Drawing Out the Text in Textile
Looking up the word “text” in the dictionary, I see it that it comes from the Latin textus meaning structure or context as well as from texere, to weave. I have been revisiting this topic of text in text-tile (see blog post “Two in One Text-iles” for my last discussion of this) as I find myself occupied with plotting out lines of text in my synesthesia drawings and wondering yet again how I got from weaving to making drawings of writing. The answer is that weaving and writing are connected in the human brain as far back as anyone can trace. As Laird Scranton, a comparative cosmologist and software designer who has studied the living language of the ancient Dogon tribe of Mali, points out in his book, The Cosmological Origins of Myth and Symbol :
The Dogon priests refer to functional equivalences between certain civilizing acts…For example, there is a direct comparison made between the acts of weaving a cloth and plowing a field. Likewise, both the act of weaving a cloth and the act of cultivating a field are specifically equated with processes relating to the formation of a Word. The concept of the Word itself represents an act of speech which is closely associated with the processes that create life or that form matter. These are expressed in terms of the enigmatic notion that words are woven into the cloth, again both in relation to the formation of matter and in terms of human reproduction.

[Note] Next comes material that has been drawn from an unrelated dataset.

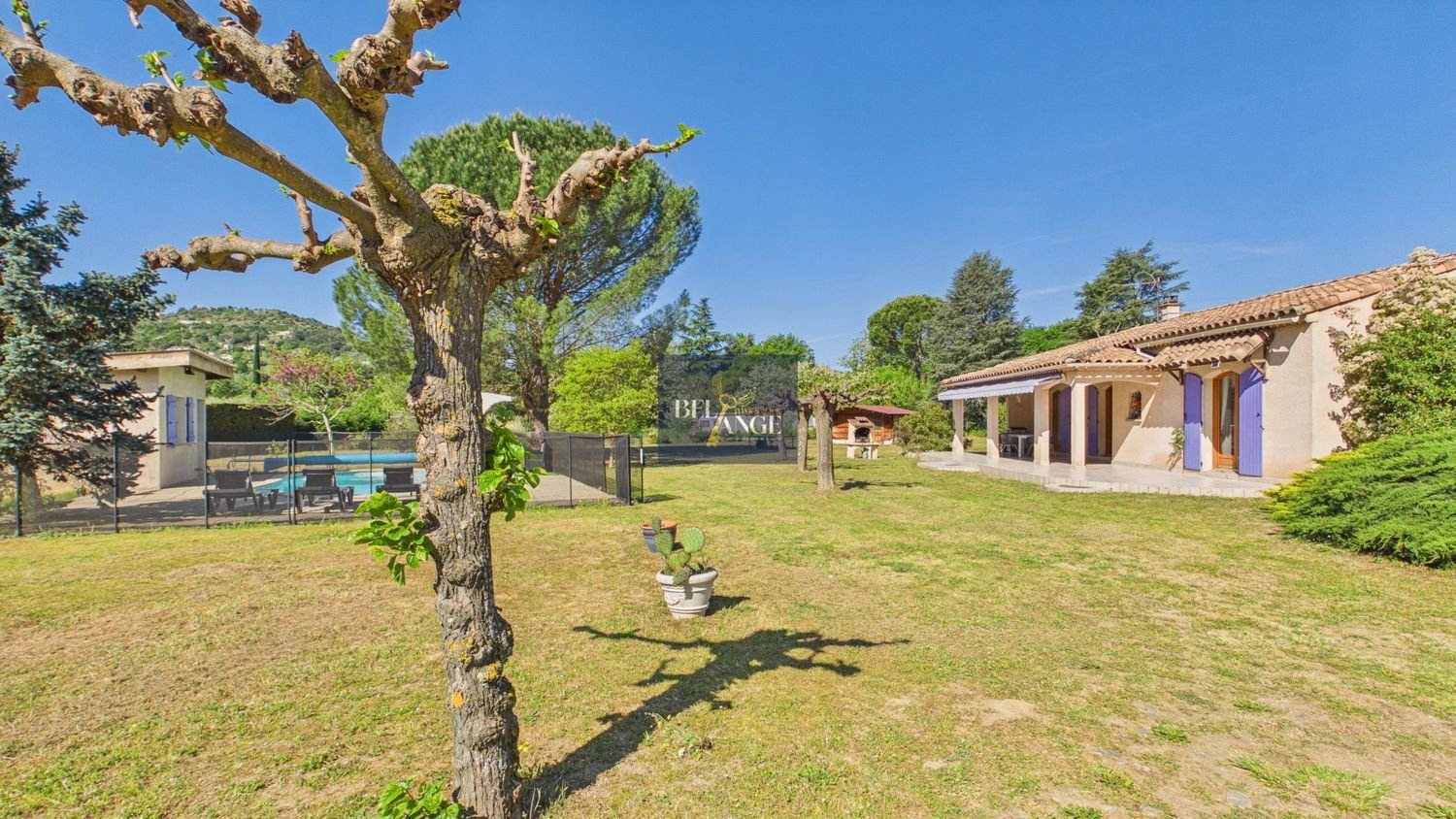 Maison à vendre, 100m², Sampzon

I am well familiar with the importance of weaving or creating cloth to human civilization but its connection to word-making and forming concepts and logical structures is hitting home for me now more than ever. For as I plot my words onto paper, I realize that I am still using the same elements to explore the same paradigm: applying pigment to fiber using a system of coded symbols to investigate light and my own questions of meaning. I have a growing sense that I am going in circles, trying to crack open the same mystery that has tantalized me for a lifetime. It’s as if my art work is strewn out behind me as I plod forward, trying yet another method for getting inside that light and indeed, myself.

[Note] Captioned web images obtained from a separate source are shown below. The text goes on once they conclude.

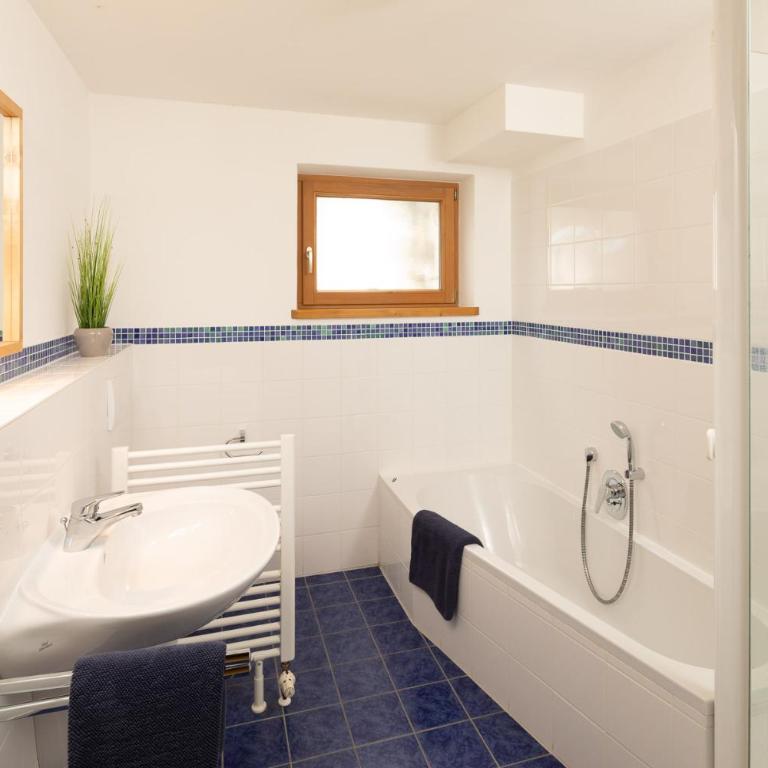 "Haus Bellevue" - Annehmlichkeiten von 4-Sterne Familien-und Wellnesshotel Viktoria nebenan können mitgenutzt werden - Apartment - Erdgeschoss - 2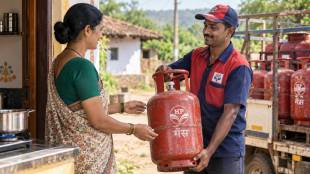 LPG Gas Cylinder Refill Booking New Rules | Domestic LPG Cylinder Booking Period Rural Customers | Petroleum Ministry LPG Supply Rules Maharashtra | Gas Cylinder Refill Booking Limit Jalgaon News
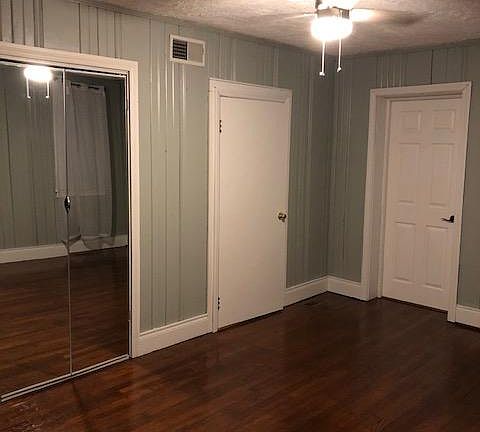5th image of 1629 Carolina Ave #1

I know at least that I am translating once again, like I did as a musician reading notes to make music and as a weaver reading drafts to make cloth. Here, I am using a system of my own synesthesia to turn written passages into visual compositions. An article in The Oxford Handbook of Synesthesia titled “Synesthesia and the Artistic Process” by Carol Steen and Greta Berman recently clued me into why I was drawn specifically to watercolor on paper for my current medium:
One problem for a synesthetic artist, then, is how to deal with the fact that their colors can be extraordinarily bright, the colors of light rather than pigments. For some synesthetes, their colors might be seen as similar to sunlight streaming through a stained glass window. For this reason, traditional techniques of oil painting cannot be satisfactory. The question is, how can one make a pigment look as bright as colored light? In order to achieve this, painters often work with pure, unmixed oil paint or watercolor taken directly from the tube…

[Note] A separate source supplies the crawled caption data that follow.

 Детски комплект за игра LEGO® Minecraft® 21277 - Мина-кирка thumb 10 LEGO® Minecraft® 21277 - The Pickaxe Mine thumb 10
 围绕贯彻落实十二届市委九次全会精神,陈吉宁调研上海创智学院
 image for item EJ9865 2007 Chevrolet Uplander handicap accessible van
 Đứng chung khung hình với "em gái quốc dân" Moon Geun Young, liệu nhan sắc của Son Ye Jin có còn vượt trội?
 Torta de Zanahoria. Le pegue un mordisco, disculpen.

But what, you might ask, are the written passages that I am encoding in these drawings? I know that people will want to know, but I am not sure yet how much of the plotted text I will make known in relation to each drawing. While some of the drawings are titled by what they plot (the names of the dead in the Memento Mori series for example), thus making the words obvious, most illustrate passages that are too long to title this way. They include my own poems, wishes or dream narratives as well as favorite writings from other authors. All have significant meaning for me and as such, comprise a sacred text. And isn’t there is a level of secrecy required to preserve the sacred? In the end, I see this hiding of the literal message, this coding, as a gift of privacy I give to myself, in service of preserving the mystery that is me. The medium is the message after all.